On the other hand, the results are different if b is already broadcasted to the right shape:

a = torch.tensor([[1., 2., 3.], [4., 5., 6.]], requires_grad=True)
b = torch.tensor([[10., 20., 30.], [10., 20., 30.]], requires_grad=True)
q = 3*a**3 - b**2
q.backward(torch.ones_like(a))
print(torch.all(a.grad == 9*a**2).item(), torch.all(b.grad == -2*b).item())
>>> True True

So what exactly happens here? I guess the different behaviour is due to the way in which the Jacobian-vector product is implemented in autograd.
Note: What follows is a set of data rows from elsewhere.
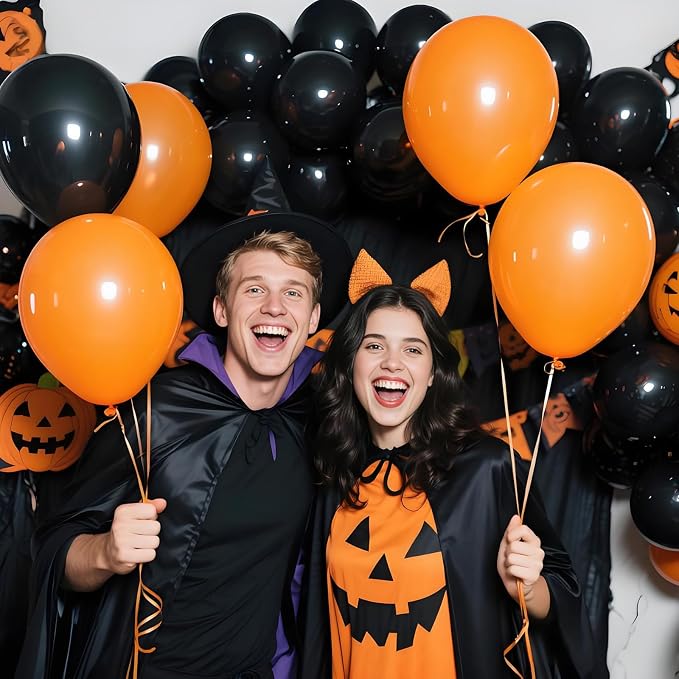 Black Balloon 110pcs, 12 Inch Thickened Latex Party Balloons Helium Bright Color - Image 7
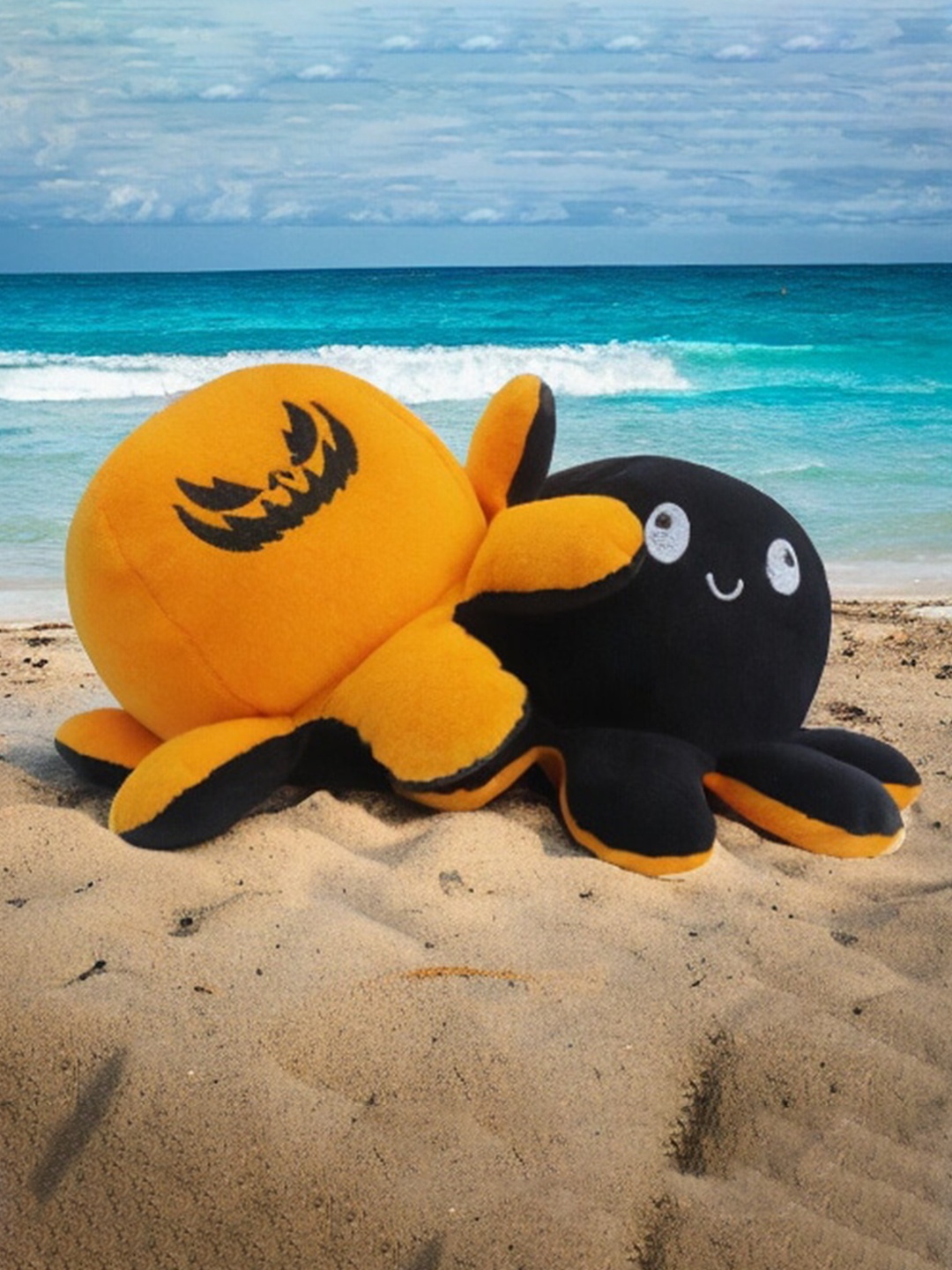 

CareDone Reversible Octopus Soft Toys and Dolls, Yellow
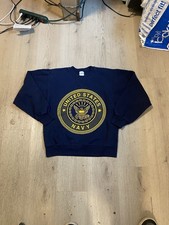 Vintage 90s United States Navy Crewneck Sweatshirt Size Medium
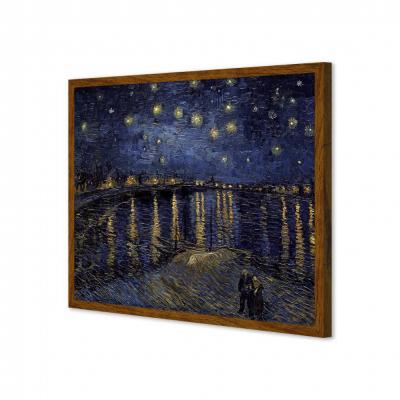 NOCHE ESTRELLADA SOBRE EL RÓDANO, VAN GOGH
Could you provide some details about the implementation when using arrays with more than 1 dimension (like matrices and multi-dimensional tensors) which I could not find on the online documentation?

Thank you very much.

P.S. I run the code with PyTorch build version 2.5.1+cu124

You tend to want to use torch.allclose instead of == as there’s no guarantee of providing bit-for-bit equivalent results.

The accumulate grad hooks is called when the .grad is set, but if a tensor is used multiple times, accumulation happens before.

Hello, thank you for the reply.

However the issue here is not floating-point precision, but I think I understood the mechanism: broadcasting is adding another operation to the graph and so the Jacobian of the whole transformation has to multiply the Jacobian of the broadcasting transformation (described by ExpandBackward). The transpose of this Jacobian matrix multiplied by the vector of ones then gives exactly what b.grad shows.

Of course if one starts with b in already the shape of a, then broadcasting does not happen and then there is one less Jacobian in the chain and of course the gradients will be different.

If my intuition is correct, the question could be marked as resolved thank you :slight_smile:.

Sorry you are totally right, because you implicitly broadcasted during forward. Autograd implicitly reduces during backward and you end up with .grad values that are double than if you had pre-broadcasted.